On the morning of Oct. 23, 2015, McGahan said he was hit head-on by a drunk driver. McGahan himself was sober.
The accident played a key role in forcing McGahan to realize why addiction is something he had to tackle. Starting Feb. 9, 2016, McGahan became sober with the help of his girlfriend and mother, and hopped a flight to a rehab facility in Texas for several months.
“They said it usually takes people days to settle in and deal with it,” he said. “I was like, ‘No, let’s go now!’ and we got into the groups.”
When he came home to Nikiski, McGahan continued going to meetings and re-establishing friendships, and began working on his beloved 1964 MG Model B, an English roadster.
“A buddy of mine asked me one day, ‘When are you going to race for recovery?’” he recounted. “It hit home, because racing’s always been a part of my family.”
Since the creation of RFR, McGahan said he has taken every opportunity to get the word out to those that need it. He said during the annual Trunk or Treat event last Halloween in Soldotna, he set up the car to be visited by trick-or-treaters.
McGahan said he counted 456 kids that got to check out the race car and get their photo taken with it, which also gives their parents the opportunity to learn about Racing for Recovery.
The night featured a slew of gritty racing. With the recent heat wave and hazy skies from the Swan Lake fire, the dirt track required frequent dousings from the water truck, and even then, the track dried up quickly, making for a dusty evening.
In the A-Stock division, Soldotna’s Dustin Bass swept the night with two heat wins and the feature victory. In the first heat, Bass emerged the winner over Jeremy Herr in the 1/5 car, then Bass passed Nikiski’s Mady Stichal with just three laps to go in heat two for the win.
Stichal, 15, started racing last year with help from her Nikiski family, and said she is the first of her family to get into racing. Stichal drives the No. 95 machine designed to imitate the Lightning McQueen character from the Disney film “Cars,” and said she decided she wanted to be a racer as a young girl watching racing movies like “Cars,” “Talladega Nights: The Ballad of Ricky Bobby,” and the classic “Days of Thunder.”
“My family puts in the money to help my dream,” Stichal explained. “I’m trying to get into Sprint Cars, then maybe one day NASCAR.”
Stichal has picked up two victories in her time racing at Twin City, both earlier this month in a heat race and a feature.
In the Legends class, the action got fierce as Brent Romagoux topped Ty Torkelson in the first race and Bryan Barber took the second heat over Jimmie Hale.
The second heat saw David Kusmider spin twice in the No. 55, even while taking the lead between both incidents. Kusmider was simply relieved to avoid colliding with the outside metal wall, just two weeks after pounding the Turn 2 guardrail.

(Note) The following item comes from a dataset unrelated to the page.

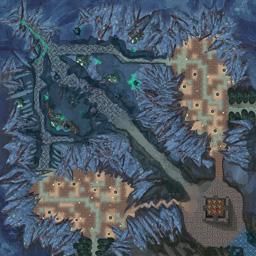 「アンダーワールド」mapイメージ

Kusmider said he and Romagoux, driver of the No. 6 car, clashed in a heat race two weeks ago, leading to his brutal meeting with the wall.
“(Romagoux) passed me on the outside, I went on the inside and passed him back, then he came into Turn 2 there and passed me going for the inside,” Kusmider recalled. “He hit the bumps and knocked me into the wall, and the car bounced off the wall, his car hit the back of my car and spun me like a helicopter in the air. Killed both cars.”
Kusmider said he had to replace most of the front end of the car, including part of the frame, costing him around $1,200, although he said the time spent fixing it meant more.
“It’s mostly just labor,” Kusmider said. “It probably got about 60 or 70 hours of labor. My two buddies passed me today so it didn’t go fast enough.”